- Police Beat
- The Forecaster
FALMOUTH — Once seen only for its potential to drive industry, the 25-mile long Presumpscot River, which flows from Sebago Lake to Casco Bay, is now valued almost as much for its natural beauty.
The river “is special because it has historical resonance,” Michael Shaughnessy, president of the Friends of the Presumpscot River, said. “… In many ways the story of America is reflected in the waters of the Presumpscot.”
Shaughnessy will give a talk on the history of the river and the efforts to restore it during a special Falmouth 300 event at 6:30 p.m. July 19. The event, which is free and open to the public, will be held at the Falmouth Congregational Church.
The talk, entitled “The Presumpscot River: An Environmental History,” is part of the Changing Landscapes, Shifting Tides: The Story of Falmouth series. Although it’s free, pre-registration is required. Go to the Falmouth 300 website, at www.falmouth300.org, to sign up.
Shaughnessy is a co-founder of the Friends of the Presumpscot River and said the group got going in 1993 to fight a proposed pulp mill on the upper part of the river that would have “discharged thousands of gallons daily of heated water.”
“We stopped this and then continued advocating for the river,” he said. “At that time few would support the river and recognize its value. Few knew what a gem it was.”
In the past 25 years of advocacy and outreach, Shaughnessy said the friends group has “gained river upgrades, been a collaborator on one dam removal and gained federal fish passage requirements on five dams,” among other achievements.
“We have a mission of educating (people) about the river and have hosted many talks on river restoration, fly fishing, river history, fisheries, and the first people of the river. We talk in schools constantly, have film showings and (hold group) floats and river cleanups,” he said.
In addition, the friends group is in the process of building a memorial to Chief Polin and the first people of the Presumpscot River, said Shaughnessy, a Westbrook resident who has lived along the banks of the Presumpscot since he moved to Maine from Missouri in 1987.

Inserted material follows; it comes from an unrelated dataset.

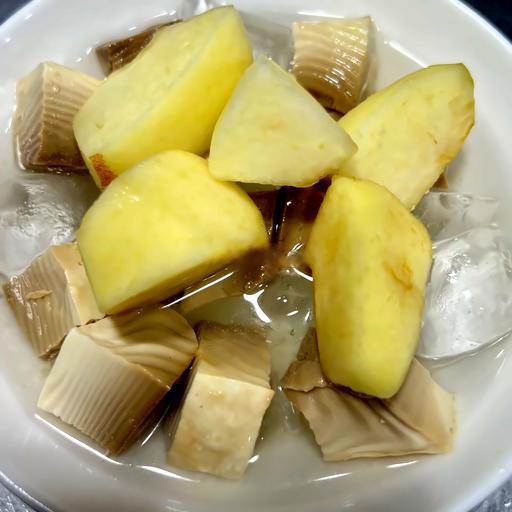 che-khuc-bach-ca-phe-tao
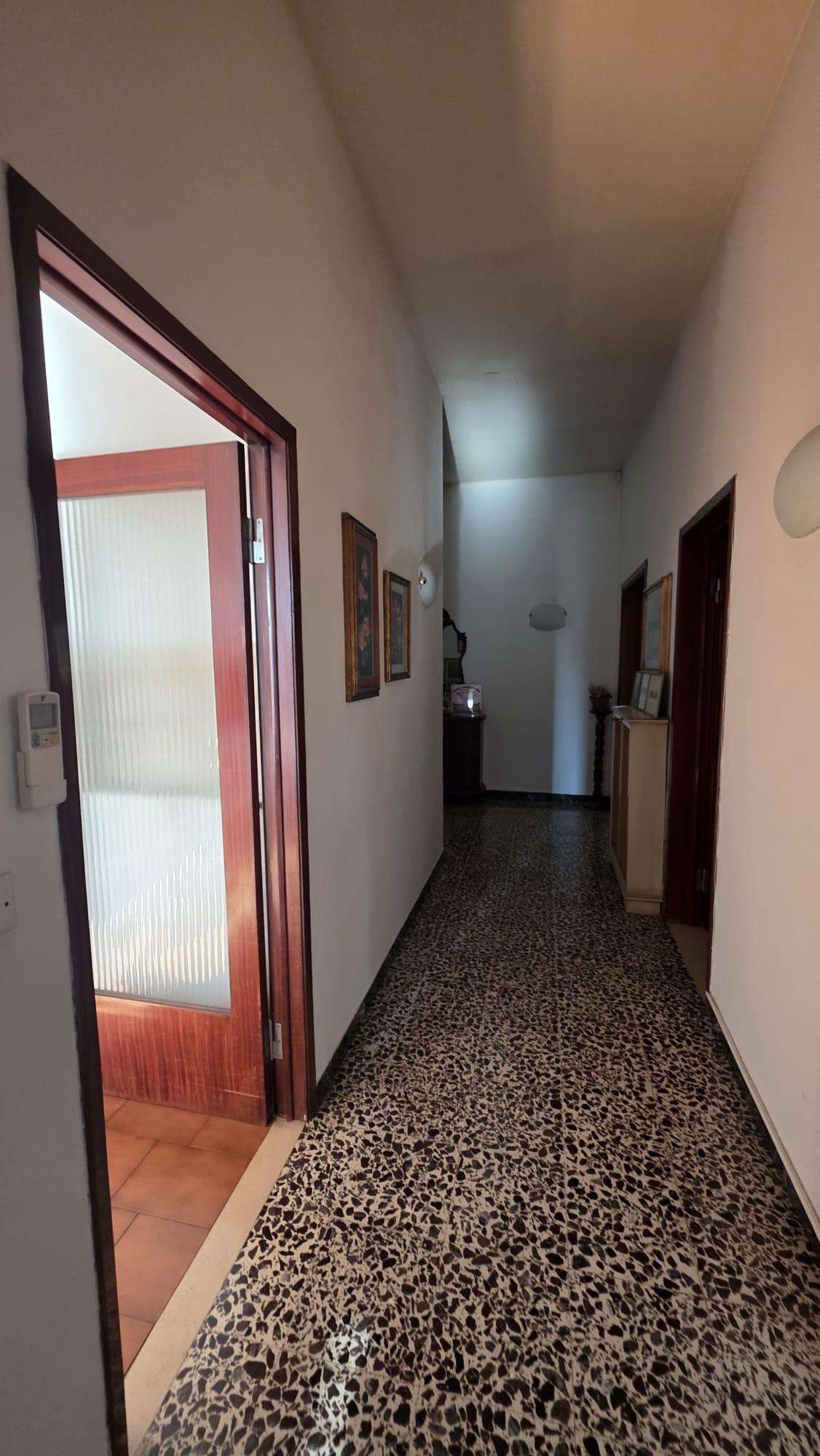  - foto 8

“Coming from Missouri, we had always floated rivers in the Ozarks. We were stunned at the beauty of the Presumpscot and could not understand how it was not recognized more,” he said. “Anywhere in the Midwest, this would be a state treasure.”
Shaughnessy said the Presumpscot River is known as the “river of waterfalls” because it originally boasted 12 sets of falls. “Sadly, however, most of these falls are (now) buried beneath concrete dams,” he noted.

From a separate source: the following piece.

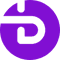 SmartDocs AI Studio logo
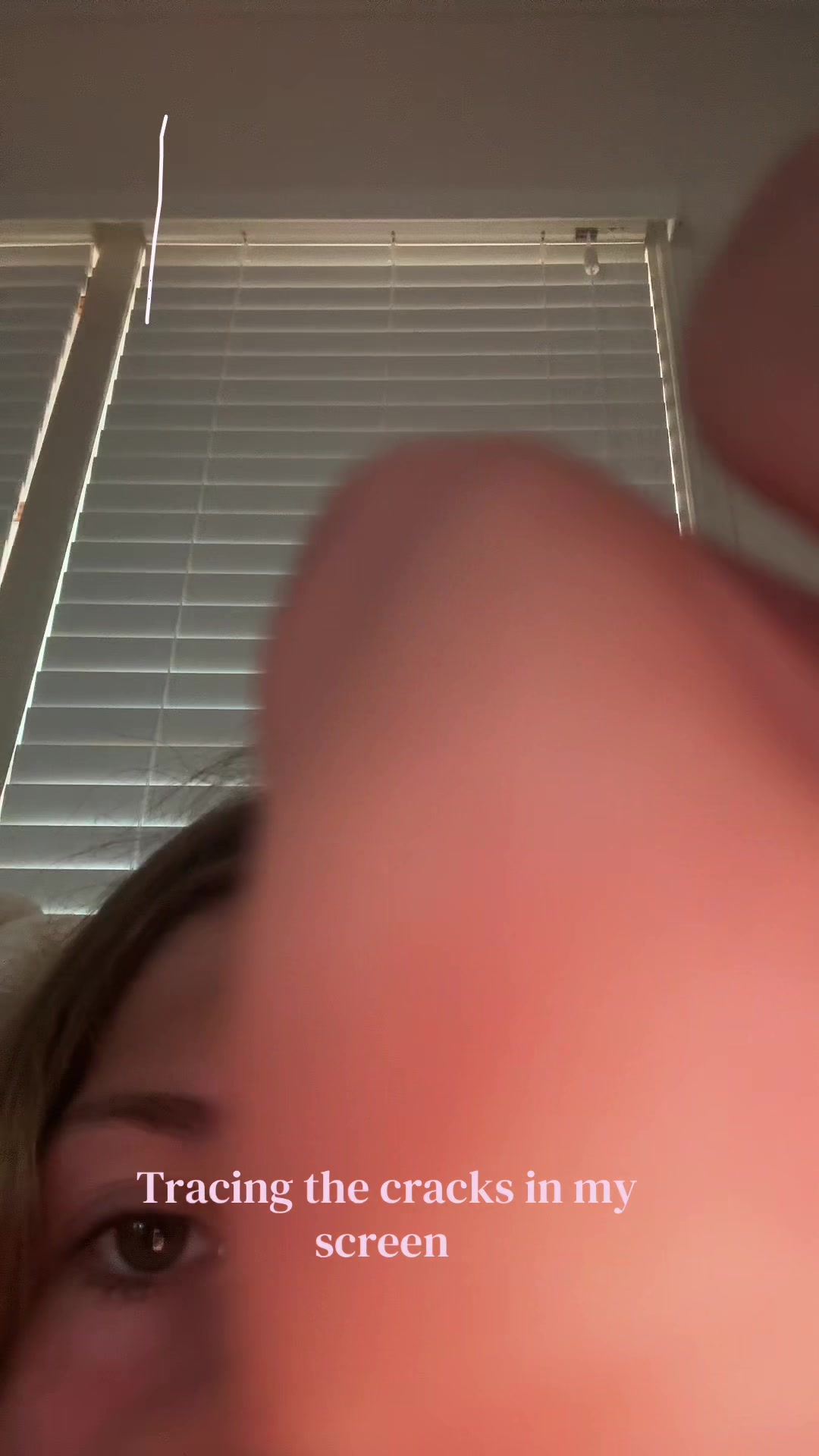 @Zoe💗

He said there are only three falls that can still be seen, including Presumpscot Falls in Falmouth, which Shaughnessy described as a place of “peace and renewal where we can connect to the pulse of the planet.”
In terms of Falmouth’s relationship with the river, Shaughnessy said, “it was in Falmouth that the first land purchase from the Native Americans occurred.”
Originally the waters were used to manufacture whiskey, but then, he said, “other industries began to grow up on the lower river and estuary. Much of (that) was wood processing and shipbuilding.”
Shaughnessy said Falmouth was also “the site of the first dam on the river and ironically, the site of the first dam removed from the river.”
What Shaughnessy wants people to most understand, he said, is that the river is “not simply a place to swim, float, fish and paddle,” but one that should be valued and sustained for generations to come.
What he wants is for “people to simply fall in love with the river. Immerse yourself in it. Revel in its beauty, feel it and smell it. Wonder at the miracles that exist within it. Then support efforts to repair the harms of the past and protect it for the future.”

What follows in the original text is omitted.